━━━ Material to process ━━━

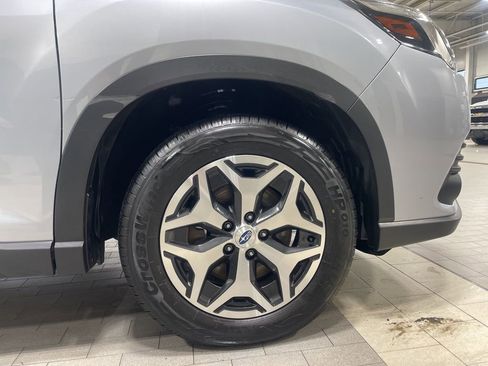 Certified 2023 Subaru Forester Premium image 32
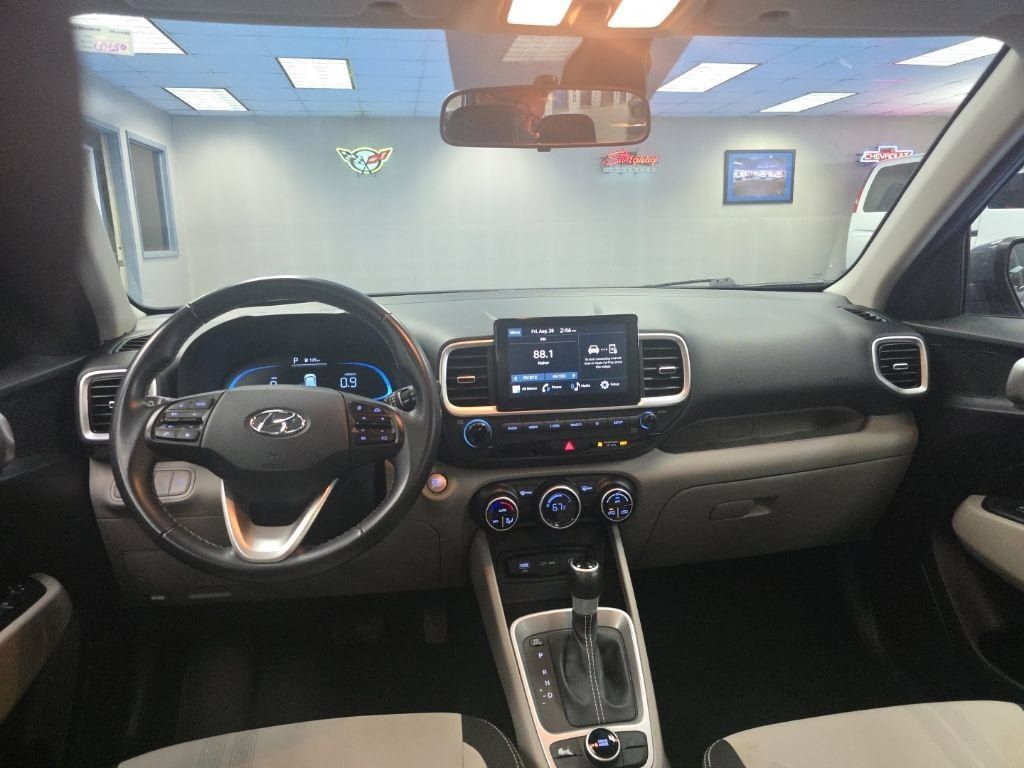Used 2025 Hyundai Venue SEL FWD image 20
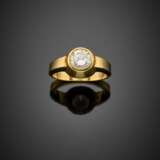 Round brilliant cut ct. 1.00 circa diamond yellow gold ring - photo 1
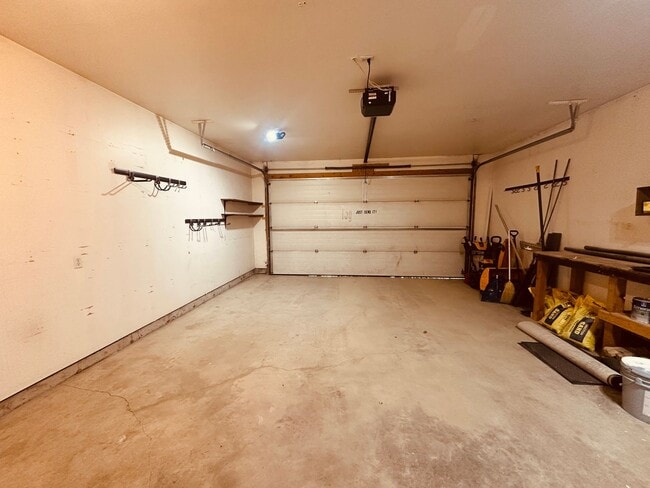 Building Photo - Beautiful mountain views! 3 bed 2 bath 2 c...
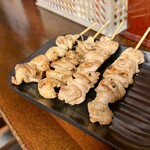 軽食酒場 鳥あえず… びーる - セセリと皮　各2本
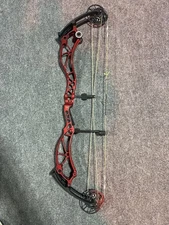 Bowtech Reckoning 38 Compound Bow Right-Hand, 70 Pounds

━━━
━━━ Material to process ━━━

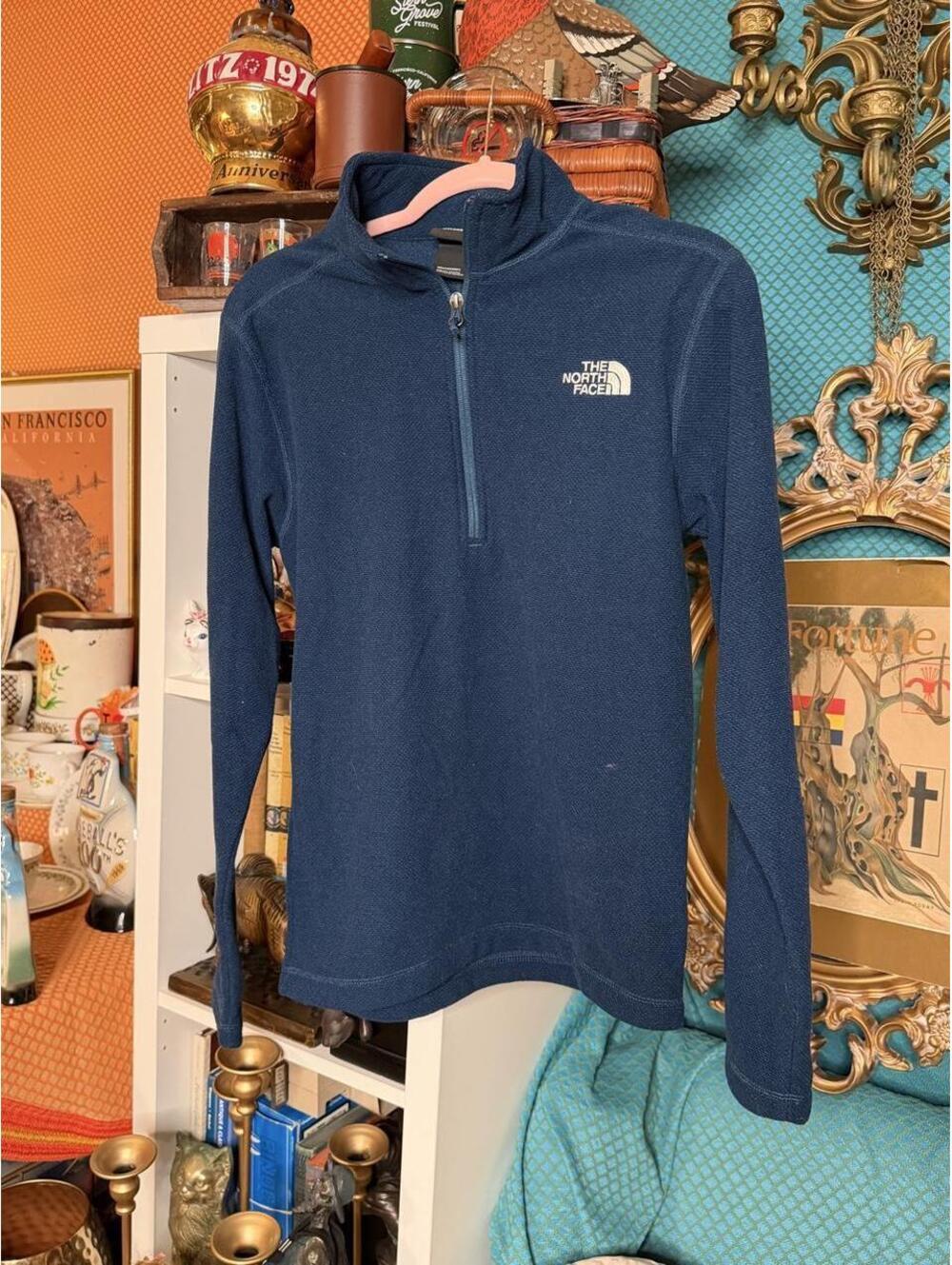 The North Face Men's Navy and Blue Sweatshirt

━━━

*Aim of the task:* Your answer is the exact run of lines above from the one with "Building Photo - Beautiful" through the one with "Bowtech Reckoning 38", both ends included, minus any picture.

*Written answer:*
 Building Photo - Beautiful mountain views! 3 bed 2 bath 2 c...
 軽食酒場 鳥あえず… びーる - セセリと皮　各2本
 Bowtech Reckoning 38 Compound Bow Right-Hand, 70 Pounds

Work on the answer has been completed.